A lot. Here’s my Top Five Bits of Wisdom from DFWCon: 

1. Give yourself permission to fail. Bestselling author Candace Havens stressed this fact over and over again in her Fast Draft class. Can’t wait to take her class, by the way. The only way we can get to the good stuff is if we allow ourselves to create crappy stuff first which means, turning off our internal editor. You know, the little voice in our head that likes to tell us we’re a horrible writer and shouts nothing but negative banter at us? Yeah… that one. But by giving ourselves permission to write crap, we free ourselves up to bring forth the real treasure that lies within.

2. You never stop learning. New York Times bestselling author James Rollins revealed that he still refers to craft books when writing his novels. I was floored when I heard him say that. I think we sometimes have this idea that published authors have arrived and clearly must know it all. But as Rollins pointed out, we never stop learning. This means maintaining humility and openness even as our careers soar to greater heights.

3. Always write from a point of passion. Another stellar bit of advice made by Rollins. We have to be passionate  about what we’re writing/creating. And I can attest to that. Whenever I try to write about something I’m not that vested in, it’s nothing but an uphill battle. So art must come from the heart.

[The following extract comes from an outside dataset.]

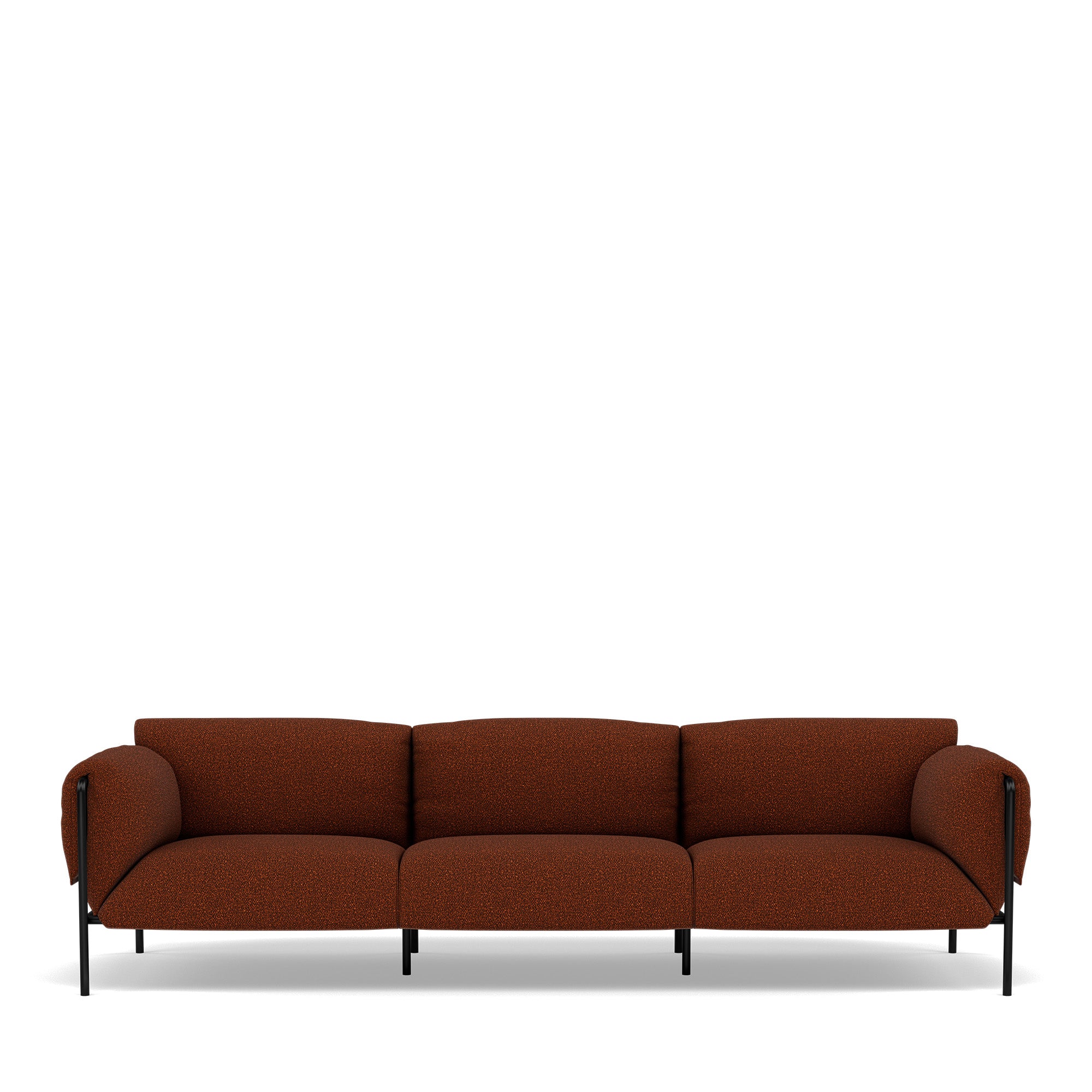Fold Indoor 3-Seater Sofa With Arms - Image 3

4. Rejection is par for the course. With his first book, Rollins was rejected 49 times by agents before he finally heard a yes. 49 times! So it’s important to never get discouraged. Keep learning. Keep writing. Keep submitting. Because perseverance is the name of the game.

5. Now is the best time to be a writer. Or any creative professional for that matter. The Internet and social media have given us endless opportunities to express our art and find a much wider audience more quickly than ever before. Social media expert Kristen Lamb, who also taught at the conference, has been preaching this for quite some time. Read her post The Age of the Artist — Time for a Revolution and get inspired. Vive la révolution!

So what lessons have you learned through the years as a writer/creator? What advice did you hear that encouraged you along your journey?